Читаем Поэты и цари полностью

У Елизаветы, дочери Петра, оставались слишком неоспоримые права на престол, особенно после приблудной Марты-Кэт. У Петра же был некогда брат-соправитель, царевич Иван, тихое тщедушное ничтожество. Он умер совсем молодым, но успел обзавестись детьми. Его дочь Анна Иоанновна жила в Митаве, куда ее выдали за бедного, заштатного курляндского герцога. Она успела овдоветь и была бедна, одинока и очень скучала в своей глухой провинции. Наши умные верховники решили, что такая много не потребует. Ей решено было предложить 100 тысяч рублей содержания в год. И «кондиции», то есть наш вариант Великой хартии вольностей. Войны и мира не объявлять и не заключать; никаких важных дел без Совета не решать; налогов новых не взимать; опалы не налагать, суда не чинить; даже назначений выше полковника не делать. Это была бы конституционная монархия на уровне XIX века… А откуда взялась бы Конституция? А ее готовил самый главный верховник, князь Дмитрий Михайлович Голицын: видно, Голицыным на роду было написано реформаторами быть. В юности он учился в Италии, имел лучшую библиотеку в России и был твердым западником без обезьянничанья; новгородская и тверская старина была ему дорога, и он понимал, что просвещение не в париках и кафтанах, не в пьянстве и блуде, а в умах и в общественных институтах. Он был знатнее Романовых, богат и независим, но служил киевским губернатором, и служил хорошо и честно – в отличие от голых петровских разночинцев. Петр чтил его, но не приближал и не возвышал. С таким соратником и критиком «формальных» реформ было бы неудобно. Вообще неудобно, когда нельзя дать по зубам, а иначе Петр обращаться с подданными не умел.

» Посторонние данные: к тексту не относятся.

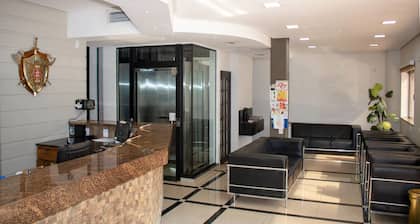 Hotel LĂder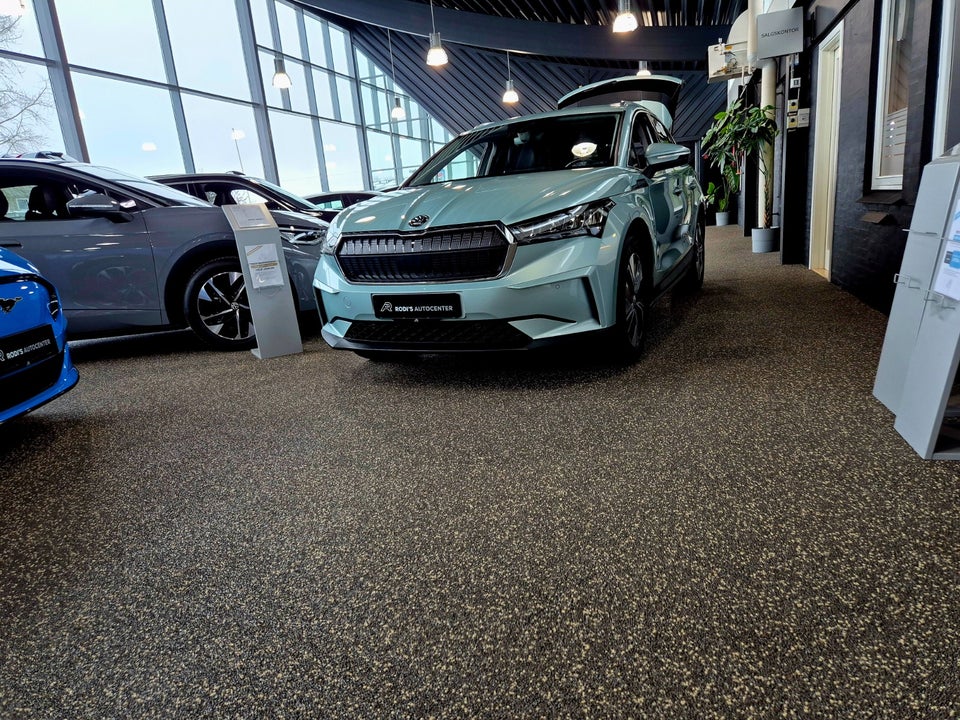 Skoda Enyaq 80 iV Loft 5d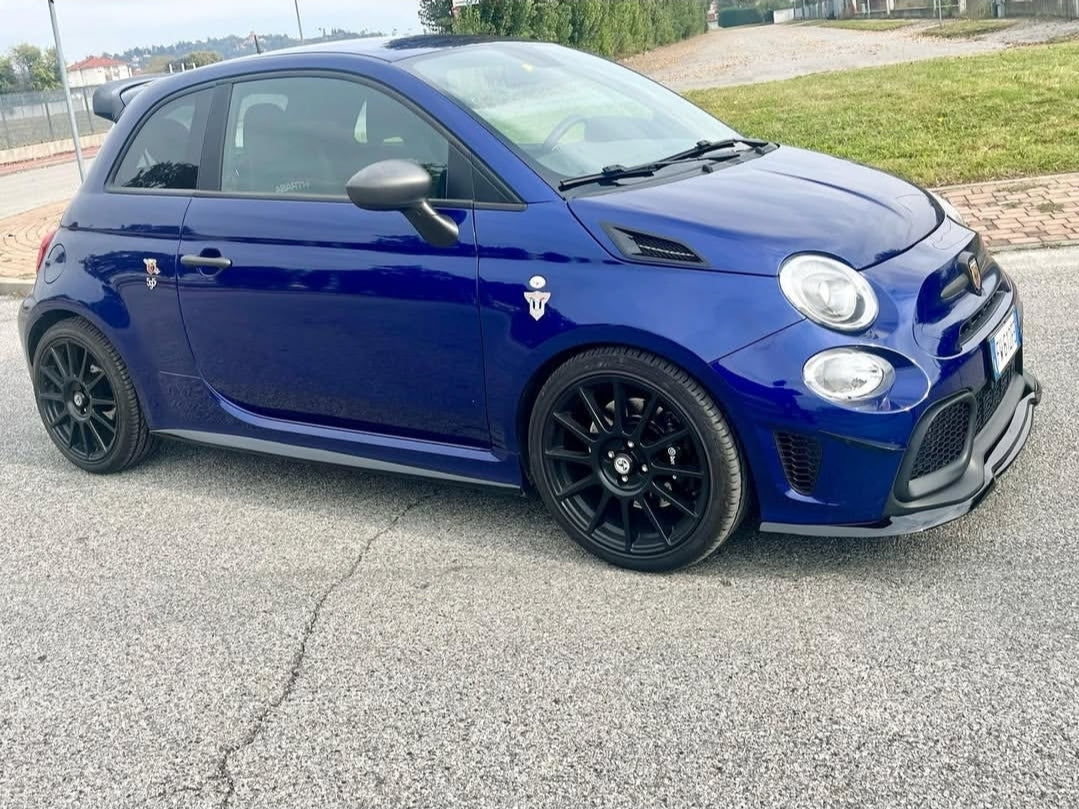 Abarth CHD Añadido Taloneras Fibra Skirt Insert Fiber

И вот Дмитрий Голицын приготовил роскошный проект. Впервые Россия вынашивала (даром что случился выкидыш) ту форму институциональной квалифицированной демократии, которую Британия имела с 1265 года с момента открытия в парламенте палаты общин. 1265 год и 1730-й… В среднем наше отставание составило 465 лет, теперь можно подсчитать точно. А князь Голицын предложил очень красивый проект: внизу «шляхетская камора», то есть такой польский дворянский сейм, плюс палата купеческих и городских представителей (палата общин). Выше палат – Сенат (палата лордов) и Совет, еще выше (Президиум палаты лордов). И Анна согласилась на «кондиции», мечтая о блеске и роскоши русского двора. А 100 тысяч были для нее целым состоянием. Но здесь Иуда Ягужинский слетал к герцогине, донес на верховников, что решали-де «без народа» и надо это дело поломать. А наши атаманы-молодцы из Преображенского и Семеновского полков, в том числе и будущий диссидент Артемий Волынский, взяли курс не на конституцию, а на севрюжину с хреном, решив, что верховники их обидели и что лучше в ножки к государыне кинуться, чем терпеть над собой республиканские структуры магнатов. Это была первая в истории России борьба с олигархами. Олигархи (те же бароны, добывшие Англии Charta Magna) были первым пунктом будущего республиканского пути; самодержавие тянуло назад, в феодализм, в вотчины, в «китайский синдром». А семеновские атаманы-молодцы рассудили по-глуповски: вот она, наша матушка! Теперь нам вина будет вволю! И когда Анна приехала и разыграла сцену удивления («Как? Мой народ не знал? Вы узурпировали его волю?») и разорвала кондиции, из окон полезли преображенцы со штыками и саблями, и верховники сникли и замолчали. Все, кроме Голицына, который сказал пророческие слова прямо в пьяные «народные» хари, что, мол, пир был накрыт, но гости оказались недостойны. «И те, кто заставляет меня плакать, будут плакать долее меня». О, сколько раз потом придется это повторять народу, электорату, большинству! В 1825 году, в 1905-м, в 1918-м, в 1993-м, в 2000-м, в 2005-м! Ключевский напишет потом, что в терроре Анны Иоанновны повинны немцы: Миних, Остерман, Бирон. Утешительно, но неверно: свое, родное, заплесневелое самодержавие, свой византийский синдром, своя ордынская злоба, свой сапог, наступающий на лицо человечества. Свой очередной звездный час автократии: реакция на мечты о свободе.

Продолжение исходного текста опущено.